Velocity 2X looks like an old-school game. You control a tiny spaceship speeding around a harsh-looking mechanical world, where alien ships and creatures come at you in synchronized waves. You collect power-ups to upgrade your arsenal and at the end of certain levels there's a giant, multi-stage boss ship that takes up most of the screen. Success is reliant on quick reflexes and pattern memorization. It’s all very familiar on the surface. The twist in Velocity 2X is that, at any point, you can teleport your ship across the screen.

Teleportation changes everything

It sounds like a minor addition, but it’s one that dramatically changes how the game plays.

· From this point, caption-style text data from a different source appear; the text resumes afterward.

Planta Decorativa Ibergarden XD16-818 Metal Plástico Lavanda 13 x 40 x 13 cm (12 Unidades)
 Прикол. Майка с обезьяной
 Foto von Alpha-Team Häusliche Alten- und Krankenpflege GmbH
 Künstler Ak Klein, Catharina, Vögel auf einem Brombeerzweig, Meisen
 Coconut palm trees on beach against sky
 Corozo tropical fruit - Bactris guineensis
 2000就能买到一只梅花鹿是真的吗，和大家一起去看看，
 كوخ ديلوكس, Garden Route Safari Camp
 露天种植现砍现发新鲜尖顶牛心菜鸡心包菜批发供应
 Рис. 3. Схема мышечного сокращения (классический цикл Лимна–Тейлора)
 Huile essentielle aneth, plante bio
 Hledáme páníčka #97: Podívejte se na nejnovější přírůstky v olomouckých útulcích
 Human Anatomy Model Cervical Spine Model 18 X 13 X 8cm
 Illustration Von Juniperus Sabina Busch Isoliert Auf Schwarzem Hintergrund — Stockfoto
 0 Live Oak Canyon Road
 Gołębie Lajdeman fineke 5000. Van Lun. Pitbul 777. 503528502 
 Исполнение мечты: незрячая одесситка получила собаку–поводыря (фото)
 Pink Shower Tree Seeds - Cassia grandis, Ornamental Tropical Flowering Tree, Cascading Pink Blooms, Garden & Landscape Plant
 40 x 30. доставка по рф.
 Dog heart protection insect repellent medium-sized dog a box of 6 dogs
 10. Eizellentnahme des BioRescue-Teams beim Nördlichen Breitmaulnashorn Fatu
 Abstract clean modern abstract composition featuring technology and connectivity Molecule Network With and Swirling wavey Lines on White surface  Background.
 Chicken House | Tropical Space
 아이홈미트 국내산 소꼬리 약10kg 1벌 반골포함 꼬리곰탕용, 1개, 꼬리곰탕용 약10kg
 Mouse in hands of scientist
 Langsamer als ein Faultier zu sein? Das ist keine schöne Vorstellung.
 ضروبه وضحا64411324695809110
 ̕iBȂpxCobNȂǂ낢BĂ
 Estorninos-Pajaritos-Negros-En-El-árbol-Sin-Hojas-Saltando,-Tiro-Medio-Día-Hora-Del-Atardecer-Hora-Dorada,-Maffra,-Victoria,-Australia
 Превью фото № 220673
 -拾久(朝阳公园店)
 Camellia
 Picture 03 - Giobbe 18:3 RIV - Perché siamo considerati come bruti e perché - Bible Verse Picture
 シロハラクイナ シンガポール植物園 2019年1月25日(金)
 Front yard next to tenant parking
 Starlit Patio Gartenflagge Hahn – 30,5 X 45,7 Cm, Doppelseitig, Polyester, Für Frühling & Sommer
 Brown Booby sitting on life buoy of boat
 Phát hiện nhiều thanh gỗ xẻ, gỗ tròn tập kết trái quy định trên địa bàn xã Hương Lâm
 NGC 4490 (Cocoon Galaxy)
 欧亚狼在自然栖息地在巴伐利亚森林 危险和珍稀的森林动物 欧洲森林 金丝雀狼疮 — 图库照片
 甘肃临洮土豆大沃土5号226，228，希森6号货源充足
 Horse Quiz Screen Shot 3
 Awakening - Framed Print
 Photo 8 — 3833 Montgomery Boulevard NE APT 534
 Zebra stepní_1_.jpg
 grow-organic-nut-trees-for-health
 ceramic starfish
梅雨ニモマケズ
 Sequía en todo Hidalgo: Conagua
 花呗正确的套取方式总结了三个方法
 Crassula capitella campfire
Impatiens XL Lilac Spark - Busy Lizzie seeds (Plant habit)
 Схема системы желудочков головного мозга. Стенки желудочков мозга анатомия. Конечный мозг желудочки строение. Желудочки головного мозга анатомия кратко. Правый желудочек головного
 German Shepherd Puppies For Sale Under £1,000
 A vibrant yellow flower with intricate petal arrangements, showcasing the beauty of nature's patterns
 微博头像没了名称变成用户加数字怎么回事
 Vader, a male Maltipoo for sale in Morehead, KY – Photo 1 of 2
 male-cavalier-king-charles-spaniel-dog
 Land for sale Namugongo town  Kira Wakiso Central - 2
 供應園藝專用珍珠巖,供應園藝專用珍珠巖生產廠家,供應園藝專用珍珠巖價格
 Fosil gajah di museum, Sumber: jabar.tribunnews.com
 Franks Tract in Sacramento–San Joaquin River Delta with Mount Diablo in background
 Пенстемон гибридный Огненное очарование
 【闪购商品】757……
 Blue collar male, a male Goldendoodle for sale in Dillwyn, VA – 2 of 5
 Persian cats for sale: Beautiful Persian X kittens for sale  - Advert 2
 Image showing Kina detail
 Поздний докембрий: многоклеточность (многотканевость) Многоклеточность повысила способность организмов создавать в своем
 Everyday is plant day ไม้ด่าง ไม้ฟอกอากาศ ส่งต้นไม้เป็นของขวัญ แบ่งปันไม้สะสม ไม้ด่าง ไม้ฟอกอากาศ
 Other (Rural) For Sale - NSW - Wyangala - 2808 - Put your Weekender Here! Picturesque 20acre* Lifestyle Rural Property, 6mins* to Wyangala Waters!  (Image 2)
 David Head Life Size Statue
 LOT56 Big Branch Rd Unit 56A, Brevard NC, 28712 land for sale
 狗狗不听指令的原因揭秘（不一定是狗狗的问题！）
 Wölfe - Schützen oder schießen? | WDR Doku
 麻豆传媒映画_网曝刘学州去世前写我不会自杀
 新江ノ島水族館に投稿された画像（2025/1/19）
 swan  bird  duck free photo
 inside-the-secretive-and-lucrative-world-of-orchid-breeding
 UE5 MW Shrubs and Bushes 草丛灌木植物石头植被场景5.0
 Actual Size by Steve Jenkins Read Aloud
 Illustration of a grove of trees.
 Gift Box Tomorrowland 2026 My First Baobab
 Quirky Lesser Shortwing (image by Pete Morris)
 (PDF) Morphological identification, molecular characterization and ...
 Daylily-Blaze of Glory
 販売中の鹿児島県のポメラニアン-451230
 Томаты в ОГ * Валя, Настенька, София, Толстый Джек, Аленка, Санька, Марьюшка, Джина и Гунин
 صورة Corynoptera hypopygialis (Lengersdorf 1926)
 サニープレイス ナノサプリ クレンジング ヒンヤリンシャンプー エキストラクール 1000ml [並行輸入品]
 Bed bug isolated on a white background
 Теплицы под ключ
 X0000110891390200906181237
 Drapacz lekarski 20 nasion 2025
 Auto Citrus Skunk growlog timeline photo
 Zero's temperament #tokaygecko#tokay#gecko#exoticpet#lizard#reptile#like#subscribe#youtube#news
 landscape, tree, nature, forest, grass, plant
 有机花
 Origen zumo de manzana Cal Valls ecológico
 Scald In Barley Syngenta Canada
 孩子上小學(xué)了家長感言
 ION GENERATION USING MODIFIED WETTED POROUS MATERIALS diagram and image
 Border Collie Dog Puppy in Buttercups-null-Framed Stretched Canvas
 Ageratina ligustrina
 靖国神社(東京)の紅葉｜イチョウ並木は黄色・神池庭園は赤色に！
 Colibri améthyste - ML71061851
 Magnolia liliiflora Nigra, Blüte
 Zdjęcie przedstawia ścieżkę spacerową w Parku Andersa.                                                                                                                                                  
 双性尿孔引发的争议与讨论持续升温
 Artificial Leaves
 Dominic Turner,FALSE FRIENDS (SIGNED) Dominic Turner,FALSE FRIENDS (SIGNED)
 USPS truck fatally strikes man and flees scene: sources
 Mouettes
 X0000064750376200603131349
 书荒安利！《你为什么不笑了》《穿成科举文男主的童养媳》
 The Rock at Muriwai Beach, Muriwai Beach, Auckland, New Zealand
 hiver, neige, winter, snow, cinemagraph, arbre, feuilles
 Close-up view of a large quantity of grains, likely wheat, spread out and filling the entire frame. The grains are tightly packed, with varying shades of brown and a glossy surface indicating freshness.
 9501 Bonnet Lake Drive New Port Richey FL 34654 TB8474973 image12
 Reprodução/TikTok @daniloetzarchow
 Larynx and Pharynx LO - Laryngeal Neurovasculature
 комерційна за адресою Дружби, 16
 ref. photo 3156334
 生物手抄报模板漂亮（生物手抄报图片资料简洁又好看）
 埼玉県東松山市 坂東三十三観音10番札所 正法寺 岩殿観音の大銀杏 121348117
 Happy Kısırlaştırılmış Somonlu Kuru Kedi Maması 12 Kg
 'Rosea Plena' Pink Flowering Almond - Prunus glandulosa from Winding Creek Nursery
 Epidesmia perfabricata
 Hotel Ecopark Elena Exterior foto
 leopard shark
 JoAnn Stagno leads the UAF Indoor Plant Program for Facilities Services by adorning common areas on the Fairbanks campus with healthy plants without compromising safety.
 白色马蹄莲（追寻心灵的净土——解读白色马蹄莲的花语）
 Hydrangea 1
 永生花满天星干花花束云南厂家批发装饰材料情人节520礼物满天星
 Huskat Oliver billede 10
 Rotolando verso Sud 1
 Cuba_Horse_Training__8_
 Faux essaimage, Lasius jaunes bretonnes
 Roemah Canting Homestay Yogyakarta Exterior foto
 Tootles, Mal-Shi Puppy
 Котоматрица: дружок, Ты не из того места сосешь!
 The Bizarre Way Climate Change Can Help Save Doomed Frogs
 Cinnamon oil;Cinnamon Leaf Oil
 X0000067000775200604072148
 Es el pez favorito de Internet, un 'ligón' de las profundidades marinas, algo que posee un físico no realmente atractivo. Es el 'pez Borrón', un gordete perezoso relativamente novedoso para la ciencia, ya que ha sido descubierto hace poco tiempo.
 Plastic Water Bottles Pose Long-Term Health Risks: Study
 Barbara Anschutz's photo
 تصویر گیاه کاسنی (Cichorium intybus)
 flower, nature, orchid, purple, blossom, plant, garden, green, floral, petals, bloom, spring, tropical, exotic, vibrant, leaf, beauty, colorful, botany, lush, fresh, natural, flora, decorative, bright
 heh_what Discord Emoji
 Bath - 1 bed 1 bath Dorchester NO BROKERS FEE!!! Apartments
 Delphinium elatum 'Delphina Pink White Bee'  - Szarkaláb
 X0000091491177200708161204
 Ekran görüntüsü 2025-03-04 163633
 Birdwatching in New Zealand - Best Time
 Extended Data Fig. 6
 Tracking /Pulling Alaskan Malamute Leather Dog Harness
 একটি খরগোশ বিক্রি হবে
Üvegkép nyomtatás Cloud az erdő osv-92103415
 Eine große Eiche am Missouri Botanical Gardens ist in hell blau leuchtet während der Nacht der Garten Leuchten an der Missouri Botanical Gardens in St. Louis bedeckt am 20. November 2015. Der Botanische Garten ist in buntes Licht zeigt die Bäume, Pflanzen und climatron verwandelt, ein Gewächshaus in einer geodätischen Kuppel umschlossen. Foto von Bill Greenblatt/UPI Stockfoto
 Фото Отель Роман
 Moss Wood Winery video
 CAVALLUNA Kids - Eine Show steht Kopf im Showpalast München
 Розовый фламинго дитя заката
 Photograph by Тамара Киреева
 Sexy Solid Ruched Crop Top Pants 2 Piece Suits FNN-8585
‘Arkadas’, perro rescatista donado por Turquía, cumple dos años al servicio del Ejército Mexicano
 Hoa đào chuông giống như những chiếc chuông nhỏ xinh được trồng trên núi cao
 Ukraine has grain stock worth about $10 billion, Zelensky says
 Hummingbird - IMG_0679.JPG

Top-down space shooters are all about avoidance, but historically that means staying away from enemies and their waves and waves of bullets. There’s some of that in Velocity 2X, but the teleportation mechanic coupled with a labyrinth-like approach to level design turns the world itself into your biggest obstacle. As you speed through each level you’ll regularly come up against obstacles that you can only avoid by teleporting past them. And because the game moves at such a fast clip, making the jump in time is incredibly challenging. When the levels start to get more complex — later stages feature multiple paths to explore — the teleportation essentially turns each stage into a puzzle. You'll spend more time figuring out how to navigate the world then you will shooting at bad guys. But when you pull off a series of jumps in quick succession, it feels amazing.

Velocity 2X

The short but tightly designed levels made the original Velocity the best Vita game you've probably never played. It had old-school charm — complete with addictive high scores and leaderboards — but the warping mechanic made it unlike any other shooter before it. The sequel keeps that same fantastic gameplay, but throws in a surprising new addition: 2D side-scrolling action that takes you out of your ship so you can explore certain areas on foot. It's as if someone tried to merge R-Type with Mega Man, and somehow made it work.

R-Type meets Mega Man

The on-foot sequences work so well because they feel just like the flying sections, only viewed from a different perspective. You have essentially all of the same tools at your disposal, including teleportation, and use largely the same controls. That makes it easy to switch back and forth between the two, which is good, because it's something you'll be doing constantly. Many levels will have you flying up against an impassable barrier, which will require you to get out of your ship so that you can disable a shield or some other sci-fi wizardry.

The two modes are different enough to add variety, but also similar enough that it doesn't feel jarring to switch between them. And that's important, because like the classic space shooters before it, Velocity 2X requires you to get into a zone where you're acting reflexively and not over-thinking things. Most of the levels in the game aren't that hard to beat, but the real challenge lies in getting a gold medal and, after that, climbing your way up the online leaderboards. Combine the gameplay with a thumping electronic soundtrack and slick visuals filled with copious amounts of lens flare, and you have a game that channels the best quarter-munching space shooters while still offering something completely new.

It doesn't have Destiny's epic scope, but Velocity 2X might just be harder to put down.